Charles Fiterman cef@geode.geodesic.com
Wed, 21 Feb 1996 12:58:07 -0600


> I'm curious if there's been any research for compiler supported, GC
> specialization. That is has then been any work on compilers that at compile
> time generate a specialized/GC runtime system to take advantage of program
> specific properties. For example, if you don't mind losing modularity, one
> could imagine a compiler analyzing all the different kind of heap objects a
> program could allocate and hard coding a specialized GC that was specialized
> to collect the object, rather than interpreting bitmaps or other type
> information at runtime, one could also imagine using specialized copying
> routines too, if you're gc scheme need to copy. I guess, my real question is
> are these kind of optimizations going to be swamped by other factors like VM
> interactions or tagging/untagging costs.

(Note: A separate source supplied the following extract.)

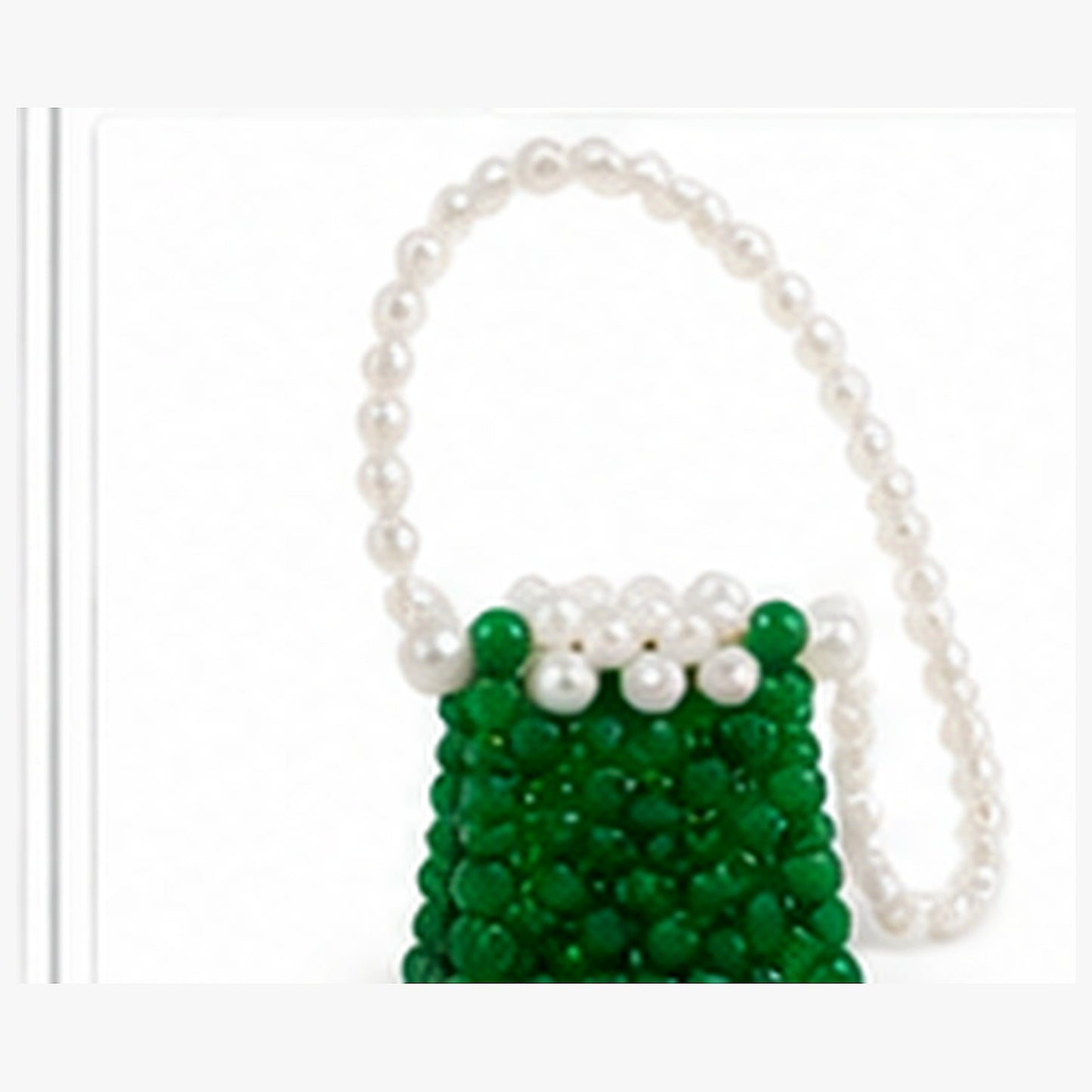 Green and white mini beaded purse with pearl-look handle and long matching strap on a clean white background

What this amounts to is this. Each class has a table which says where the
pointers are. That table can be specialized into a function which calls
mark directly avoiding the intrepretation of the table. Further for special
objects such as stacks the generated function can be overriden. In the
stack example you only want to look for pointers in the live portion of
the stack. Or you can find references that don't look like pointers.

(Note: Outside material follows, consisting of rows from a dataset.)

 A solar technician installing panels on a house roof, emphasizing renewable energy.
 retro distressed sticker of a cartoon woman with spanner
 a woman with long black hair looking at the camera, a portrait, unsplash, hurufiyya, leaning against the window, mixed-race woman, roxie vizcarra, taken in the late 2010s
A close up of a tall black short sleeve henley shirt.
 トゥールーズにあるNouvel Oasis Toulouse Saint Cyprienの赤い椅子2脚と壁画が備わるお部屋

We support this in our C++ wrapped pointer classes. Objects decending from
class gc get tables and a mark function that uses them. The mark function
can be overridden.

This can have some very creative uses. For example suppose you have a two
pass compiler. In the first pass lots of include files get read and lots
of structures created that are never used. These structures are kept on
a hash table so they can be found. The hash table has a special mark function
which keeps all table entries alive during the first pass. In the second
pass some table entries will be referenced in ways other than the hash
table and must be kept alive others will not and may be deleted. The hash
table's mark function becomes a no-op during the second pass. When the
destructors for the objects are called they remove themselves from the
table.

By our measurments there is no speed advantage in specialising the
mark functions of typical functions. Call overhead is about as bad
as the intrepretation of bitmaps. But for special cases like stacks
and queues there is a big advantage. The collector uses the programmers
knowledge of a structure to act more intellegently. For some cases
programmer defined mark functions allow the most logical encapsulation
of function. Consider the hash table example. All kinds of things will
act to keep a table entry alive, distributing that knowledge, preventing
two table entries from keeping each other alive, would be awkward and
error prone. This solution is clear and elegant.